CORMAN'S WORLD (2011)

Last Updated on May 28, 2024 by Angel Melanson

It takes a lot to make Hollywood bad boy Jack Nicholson cry. In the wonderful 2011 documentary Corman’s World: Exploits of a Hollywood Rebel, the Oscar-winning actor tears up while reminiscing about how B-movie legend Roger Corman gave the fledgling actor his first big break

Nicholson’s not the only one: Corman, who died last week at age 98, helped launch the film careers of numerous others, including Francis Coppola, James Cameron, Robert De Niro, Martin Scorsese, Gale Anne Hurd and so many, many more.

As a continuing salute to the legendary filmmaker, FANGORIA examines some of our favorite genre movies that Corman produced and/or distributed—told in the words of the man himself. Part one of our “Roger Retrospective” tackled the movies that Corman directed. (Titles arranged according to year of release.)

  • Dementia 13 (1963)

    For this proto-gore film, Corman hired Francis (The Godfather) Coppola, his assistant on The Young Racers, to make his directorial debut. The made-in-Ireland shocker almost went out with a shorter moniker, however. 

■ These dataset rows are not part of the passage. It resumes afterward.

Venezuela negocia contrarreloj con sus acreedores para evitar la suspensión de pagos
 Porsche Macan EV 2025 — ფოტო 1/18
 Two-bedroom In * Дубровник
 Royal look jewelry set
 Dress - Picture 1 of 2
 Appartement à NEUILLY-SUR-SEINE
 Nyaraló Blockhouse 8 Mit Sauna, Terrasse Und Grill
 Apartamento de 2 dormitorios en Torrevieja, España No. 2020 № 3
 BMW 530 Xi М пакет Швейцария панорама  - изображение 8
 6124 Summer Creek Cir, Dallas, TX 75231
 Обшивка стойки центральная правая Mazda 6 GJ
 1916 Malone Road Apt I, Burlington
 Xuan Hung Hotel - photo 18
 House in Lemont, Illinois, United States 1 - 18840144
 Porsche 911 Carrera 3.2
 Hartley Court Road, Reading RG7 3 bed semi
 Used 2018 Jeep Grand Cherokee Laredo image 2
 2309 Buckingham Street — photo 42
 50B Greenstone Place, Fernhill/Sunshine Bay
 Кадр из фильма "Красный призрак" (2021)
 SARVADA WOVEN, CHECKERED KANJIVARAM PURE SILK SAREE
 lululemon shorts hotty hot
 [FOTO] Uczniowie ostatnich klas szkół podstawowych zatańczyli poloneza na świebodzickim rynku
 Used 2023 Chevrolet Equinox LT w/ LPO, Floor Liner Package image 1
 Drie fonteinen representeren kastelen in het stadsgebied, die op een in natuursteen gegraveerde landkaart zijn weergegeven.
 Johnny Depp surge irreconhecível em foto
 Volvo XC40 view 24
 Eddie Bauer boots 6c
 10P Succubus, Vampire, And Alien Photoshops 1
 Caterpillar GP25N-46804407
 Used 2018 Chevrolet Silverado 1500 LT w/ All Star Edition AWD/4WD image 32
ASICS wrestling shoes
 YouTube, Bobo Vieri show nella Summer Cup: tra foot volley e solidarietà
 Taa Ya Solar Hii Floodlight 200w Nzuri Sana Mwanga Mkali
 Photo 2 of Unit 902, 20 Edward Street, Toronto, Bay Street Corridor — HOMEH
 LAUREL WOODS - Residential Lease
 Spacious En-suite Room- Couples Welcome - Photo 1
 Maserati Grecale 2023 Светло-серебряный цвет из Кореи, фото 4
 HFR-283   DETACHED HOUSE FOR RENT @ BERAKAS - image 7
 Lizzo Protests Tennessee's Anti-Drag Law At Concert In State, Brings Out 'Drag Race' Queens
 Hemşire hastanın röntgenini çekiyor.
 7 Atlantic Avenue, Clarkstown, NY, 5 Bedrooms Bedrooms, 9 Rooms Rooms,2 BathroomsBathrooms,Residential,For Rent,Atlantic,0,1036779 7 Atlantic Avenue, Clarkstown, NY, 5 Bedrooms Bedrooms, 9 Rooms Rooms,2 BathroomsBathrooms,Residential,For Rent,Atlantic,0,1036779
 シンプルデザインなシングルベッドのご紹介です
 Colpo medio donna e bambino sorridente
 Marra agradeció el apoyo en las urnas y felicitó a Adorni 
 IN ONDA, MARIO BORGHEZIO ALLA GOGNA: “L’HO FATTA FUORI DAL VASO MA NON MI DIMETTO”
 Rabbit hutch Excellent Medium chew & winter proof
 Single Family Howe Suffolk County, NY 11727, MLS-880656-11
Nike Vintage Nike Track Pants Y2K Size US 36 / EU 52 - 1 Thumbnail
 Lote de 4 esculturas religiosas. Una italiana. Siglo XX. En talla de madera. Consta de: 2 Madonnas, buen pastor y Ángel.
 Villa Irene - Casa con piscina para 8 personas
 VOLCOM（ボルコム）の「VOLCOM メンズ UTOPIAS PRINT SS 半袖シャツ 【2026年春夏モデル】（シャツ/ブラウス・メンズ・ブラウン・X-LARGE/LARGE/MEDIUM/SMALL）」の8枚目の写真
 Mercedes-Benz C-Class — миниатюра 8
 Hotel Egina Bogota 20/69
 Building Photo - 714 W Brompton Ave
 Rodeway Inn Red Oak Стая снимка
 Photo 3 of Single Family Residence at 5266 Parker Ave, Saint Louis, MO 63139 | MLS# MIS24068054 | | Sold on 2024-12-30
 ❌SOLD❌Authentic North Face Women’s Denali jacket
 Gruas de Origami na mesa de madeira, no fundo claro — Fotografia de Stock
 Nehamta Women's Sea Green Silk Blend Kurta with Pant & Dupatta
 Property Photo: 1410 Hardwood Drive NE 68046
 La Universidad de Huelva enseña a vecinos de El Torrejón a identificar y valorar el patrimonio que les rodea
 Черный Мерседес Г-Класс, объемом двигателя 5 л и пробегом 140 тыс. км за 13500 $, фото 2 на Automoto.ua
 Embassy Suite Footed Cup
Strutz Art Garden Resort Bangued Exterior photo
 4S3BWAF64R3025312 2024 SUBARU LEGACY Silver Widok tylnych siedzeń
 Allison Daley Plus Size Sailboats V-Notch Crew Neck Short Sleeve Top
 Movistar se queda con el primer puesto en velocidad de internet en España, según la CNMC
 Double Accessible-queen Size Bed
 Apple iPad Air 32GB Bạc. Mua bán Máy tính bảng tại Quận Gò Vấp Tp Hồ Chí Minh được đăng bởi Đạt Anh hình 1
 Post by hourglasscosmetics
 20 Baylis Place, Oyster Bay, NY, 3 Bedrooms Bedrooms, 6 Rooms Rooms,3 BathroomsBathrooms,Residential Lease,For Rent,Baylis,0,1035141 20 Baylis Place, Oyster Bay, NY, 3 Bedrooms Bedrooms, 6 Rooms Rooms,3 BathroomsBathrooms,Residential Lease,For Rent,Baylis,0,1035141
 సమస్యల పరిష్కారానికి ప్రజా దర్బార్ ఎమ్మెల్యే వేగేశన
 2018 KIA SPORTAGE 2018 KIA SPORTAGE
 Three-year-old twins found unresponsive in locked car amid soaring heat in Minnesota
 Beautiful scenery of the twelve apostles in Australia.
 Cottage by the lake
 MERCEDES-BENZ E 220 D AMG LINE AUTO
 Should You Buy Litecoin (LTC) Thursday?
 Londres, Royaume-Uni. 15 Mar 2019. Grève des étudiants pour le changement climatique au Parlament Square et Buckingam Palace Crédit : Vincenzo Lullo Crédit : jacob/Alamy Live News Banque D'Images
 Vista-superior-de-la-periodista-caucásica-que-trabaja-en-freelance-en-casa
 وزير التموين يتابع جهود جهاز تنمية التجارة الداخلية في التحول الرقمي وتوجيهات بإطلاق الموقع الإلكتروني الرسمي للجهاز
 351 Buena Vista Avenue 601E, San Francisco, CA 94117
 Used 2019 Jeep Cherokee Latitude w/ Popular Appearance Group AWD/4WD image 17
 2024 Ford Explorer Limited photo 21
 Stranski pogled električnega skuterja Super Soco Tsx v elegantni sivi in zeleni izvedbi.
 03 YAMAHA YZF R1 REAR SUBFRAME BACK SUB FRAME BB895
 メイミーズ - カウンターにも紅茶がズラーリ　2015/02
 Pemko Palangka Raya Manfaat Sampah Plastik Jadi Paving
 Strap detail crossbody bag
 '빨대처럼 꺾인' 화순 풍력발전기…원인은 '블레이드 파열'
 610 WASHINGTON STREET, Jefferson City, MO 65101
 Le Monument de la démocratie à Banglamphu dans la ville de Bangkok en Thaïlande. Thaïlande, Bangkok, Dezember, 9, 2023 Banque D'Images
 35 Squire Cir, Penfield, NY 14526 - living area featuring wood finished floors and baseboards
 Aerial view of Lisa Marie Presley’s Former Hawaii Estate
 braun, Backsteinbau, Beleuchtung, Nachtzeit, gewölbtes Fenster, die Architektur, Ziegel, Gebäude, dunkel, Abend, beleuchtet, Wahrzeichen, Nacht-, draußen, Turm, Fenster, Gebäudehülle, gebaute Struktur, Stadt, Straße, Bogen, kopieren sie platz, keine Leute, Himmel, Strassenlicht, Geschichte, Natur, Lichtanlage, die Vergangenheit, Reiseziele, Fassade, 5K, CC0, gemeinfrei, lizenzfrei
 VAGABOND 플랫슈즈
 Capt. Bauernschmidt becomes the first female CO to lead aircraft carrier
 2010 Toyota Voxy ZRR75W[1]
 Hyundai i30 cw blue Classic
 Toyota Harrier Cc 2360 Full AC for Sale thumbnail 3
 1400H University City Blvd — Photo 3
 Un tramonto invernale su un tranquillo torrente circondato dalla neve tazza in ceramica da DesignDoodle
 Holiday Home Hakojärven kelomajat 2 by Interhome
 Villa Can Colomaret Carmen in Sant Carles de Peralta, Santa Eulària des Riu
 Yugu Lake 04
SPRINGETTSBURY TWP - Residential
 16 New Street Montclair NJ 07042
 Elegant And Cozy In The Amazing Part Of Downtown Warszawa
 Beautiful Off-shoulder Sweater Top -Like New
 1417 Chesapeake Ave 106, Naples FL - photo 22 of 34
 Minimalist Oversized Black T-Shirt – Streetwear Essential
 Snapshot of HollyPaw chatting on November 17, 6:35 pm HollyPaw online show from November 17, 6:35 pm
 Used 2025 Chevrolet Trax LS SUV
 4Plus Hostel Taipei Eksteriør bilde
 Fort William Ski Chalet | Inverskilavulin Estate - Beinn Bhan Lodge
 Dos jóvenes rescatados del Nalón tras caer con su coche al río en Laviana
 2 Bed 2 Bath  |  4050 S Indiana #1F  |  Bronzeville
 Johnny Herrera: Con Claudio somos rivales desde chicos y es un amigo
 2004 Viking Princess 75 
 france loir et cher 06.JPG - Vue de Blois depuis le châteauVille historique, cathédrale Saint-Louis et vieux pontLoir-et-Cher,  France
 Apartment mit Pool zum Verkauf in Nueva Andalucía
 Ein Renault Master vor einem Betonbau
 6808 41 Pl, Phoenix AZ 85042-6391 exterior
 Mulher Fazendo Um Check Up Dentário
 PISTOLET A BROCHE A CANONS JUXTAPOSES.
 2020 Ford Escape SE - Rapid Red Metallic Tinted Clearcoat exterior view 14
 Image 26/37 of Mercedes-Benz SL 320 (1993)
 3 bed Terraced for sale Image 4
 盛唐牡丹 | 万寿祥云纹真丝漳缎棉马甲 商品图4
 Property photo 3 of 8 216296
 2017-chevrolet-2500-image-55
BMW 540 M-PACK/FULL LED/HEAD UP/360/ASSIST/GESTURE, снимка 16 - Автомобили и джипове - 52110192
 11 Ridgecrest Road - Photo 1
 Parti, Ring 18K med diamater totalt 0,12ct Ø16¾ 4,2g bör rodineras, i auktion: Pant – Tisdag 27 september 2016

    “We liked the title Dementia, but after we made the picture, we found out there was a little picture called Dementia that used the name,” Corman remembered. “So I was trying to think of what could I do to stay with the title Dementia, and then I thought, ‘What about Dementia 13? It’s an unlucky number.’ So, I called Francis and told him the situation and said, ‘Is there anything you can put in during looping, a line or something, that the crazed killer had something happen to him when he was 13 years old and that’s what set him up on this path?’ Francis said, ‘Sure I can do that.’ So that’s how Dementia became Dementia 13.’”

  • Targets (1968)

    Corman also presented an ideal opportunity to another young employee, Peter Bogdanovich, who later garnered raves and award nominations for directing The Last Picture Show and Paper Moon

    “On The Raven,” Corman explained, “there was a situation with Boris Karloff involving his contract in which he may or may not have owed me a couple of extra days of shooting. We worked something out where I would pay him a little bit of money, and he would give me a few extra days of shooting [scenes which became The Terror]. [A few years later], Peter Bogdanovich was my assistant, so I talked to Peter and he came up with a really good idea. Boris would play a horror picture star, and we would use some of the footage from The Terror for that, and then his character gets involved in a real-life horror situation [a sniper massacre]. It was a very, very good script and a good picture. Targets was Peter’s first picture and really demonstrated his ability. I did that independently, and I sold it to Paramount.”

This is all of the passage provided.